#### [Exercise requirements]
Return each line in the records below that includes "SLAM".

#### [Stored dataset items]
——————————
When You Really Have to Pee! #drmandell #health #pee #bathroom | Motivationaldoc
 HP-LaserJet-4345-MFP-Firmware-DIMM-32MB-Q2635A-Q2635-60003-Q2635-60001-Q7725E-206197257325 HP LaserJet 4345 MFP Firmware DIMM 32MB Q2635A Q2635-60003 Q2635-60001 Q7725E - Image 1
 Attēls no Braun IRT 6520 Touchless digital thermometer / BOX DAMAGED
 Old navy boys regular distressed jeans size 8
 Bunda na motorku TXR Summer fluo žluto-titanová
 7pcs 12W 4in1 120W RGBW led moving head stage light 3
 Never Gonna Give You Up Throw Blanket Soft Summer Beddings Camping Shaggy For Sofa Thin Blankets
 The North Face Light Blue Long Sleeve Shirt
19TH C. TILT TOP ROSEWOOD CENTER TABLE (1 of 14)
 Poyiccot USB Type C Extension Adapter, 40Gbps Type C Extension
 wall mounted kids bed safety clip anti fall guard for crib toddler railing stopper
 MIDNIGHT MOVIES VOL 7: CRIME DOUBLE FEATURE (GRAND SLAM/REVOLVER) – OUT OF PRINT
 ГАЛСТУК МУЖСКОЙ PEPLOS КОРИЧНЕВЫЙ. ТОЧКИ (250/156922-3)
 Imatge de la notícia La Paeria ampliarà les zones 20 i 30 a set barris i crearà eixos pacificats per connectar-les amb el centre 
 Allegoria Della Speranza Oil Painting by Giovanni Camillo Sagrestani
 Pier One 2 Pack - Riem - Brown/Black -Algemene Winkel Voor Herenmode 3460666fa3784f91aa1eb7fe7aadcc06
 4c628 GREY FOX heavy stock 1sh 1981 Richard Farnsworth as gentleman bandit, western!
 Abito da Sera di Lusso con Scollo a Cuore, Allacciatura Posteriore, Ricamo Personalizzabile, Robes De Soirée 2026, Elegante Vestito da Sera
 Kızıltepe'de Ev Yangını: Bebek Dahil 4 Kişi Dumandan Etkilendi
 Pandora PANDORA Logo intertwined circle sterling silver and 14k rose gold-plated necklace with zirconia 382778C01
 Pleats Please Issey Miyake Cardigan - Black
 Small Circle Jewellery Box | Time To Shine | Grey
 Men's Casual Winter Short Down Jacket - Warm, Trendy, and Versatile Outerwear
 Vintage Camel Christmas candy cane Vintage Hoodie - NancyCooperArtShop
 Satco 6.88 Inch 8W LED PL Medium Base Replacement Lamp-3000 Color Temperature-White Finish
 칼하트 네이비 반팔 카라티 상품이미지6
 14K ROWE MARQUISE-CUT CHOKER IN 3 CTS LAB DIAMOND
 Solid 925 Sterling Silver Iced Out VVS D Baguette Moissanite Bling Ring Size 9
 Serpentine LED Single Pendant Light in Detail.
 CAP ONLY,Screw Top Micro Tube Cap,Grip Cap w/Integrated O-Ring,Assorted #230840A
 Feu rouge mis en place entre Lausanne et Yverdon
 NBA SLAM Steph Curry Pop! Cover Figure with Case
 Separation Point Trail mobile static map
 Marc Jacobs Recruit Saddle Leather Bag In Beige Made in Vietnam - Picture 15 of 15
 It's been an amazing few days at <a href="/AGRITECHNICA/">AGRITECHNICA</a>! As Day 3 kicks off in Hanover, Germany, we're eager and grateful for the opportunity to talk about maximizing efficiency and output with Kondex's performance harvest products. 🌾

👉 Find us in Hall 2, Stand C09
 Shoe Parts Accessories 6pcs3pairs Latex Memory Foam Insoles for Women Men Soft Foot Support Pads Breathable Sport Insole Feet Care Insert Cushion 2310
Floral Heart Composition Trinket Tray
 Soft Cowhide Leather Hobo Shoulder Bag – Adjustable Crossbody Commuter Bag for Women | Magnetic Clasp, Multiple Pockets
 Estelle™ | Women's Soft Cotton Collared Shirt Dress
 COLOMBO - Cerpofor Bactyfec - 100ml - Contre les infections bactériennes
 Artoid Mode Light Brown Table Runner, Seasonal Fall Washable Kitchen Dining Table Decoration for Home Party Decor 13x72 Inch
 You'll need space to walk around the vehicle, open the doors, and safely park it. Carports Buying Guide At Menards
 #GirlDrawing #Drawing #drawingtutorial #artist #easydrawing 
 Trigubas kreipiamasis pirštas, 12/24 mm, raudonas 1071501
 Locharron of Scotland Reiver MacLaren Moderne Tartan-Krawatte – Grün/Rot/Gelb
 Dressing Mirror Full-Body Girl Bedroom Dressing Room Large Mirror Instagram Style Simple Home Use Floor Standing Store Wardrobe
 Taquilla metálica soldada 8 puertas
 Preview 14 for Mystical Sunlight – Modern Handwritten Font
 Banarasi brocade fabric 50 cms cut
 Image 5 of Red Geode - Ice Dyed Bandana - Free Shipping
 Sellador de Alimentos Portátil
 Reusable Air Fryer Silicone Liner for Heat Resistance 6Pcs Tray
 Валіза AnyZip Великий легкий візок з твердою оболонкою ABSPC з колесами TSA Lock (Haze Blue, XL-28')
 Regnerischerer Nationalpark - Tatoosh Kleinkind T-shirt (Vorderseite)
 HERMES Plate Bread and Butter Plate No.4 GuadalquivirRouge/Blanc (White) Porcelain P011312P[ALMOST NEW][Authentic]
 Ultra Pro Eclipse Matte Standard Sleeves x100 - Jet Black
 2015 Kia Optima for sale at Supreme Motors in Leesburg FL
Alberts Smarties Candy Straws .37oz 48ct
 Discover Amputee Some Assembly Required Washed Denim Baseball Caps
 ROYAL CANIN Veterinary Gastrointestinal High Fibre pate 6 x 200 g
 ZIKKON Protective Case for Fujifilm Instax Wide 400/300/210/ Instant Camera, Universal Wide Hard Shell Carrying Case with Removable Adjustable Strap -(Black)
——————————
#### [Solution]
 MIDNIGHT MOVIES VOL 7: CRIME DOUBLE FEATURE (GRAND SLAM/REVOLVER) – OUT OF PRINT
 NBA SLAM Steph Curry Pop! Cover Figure with Case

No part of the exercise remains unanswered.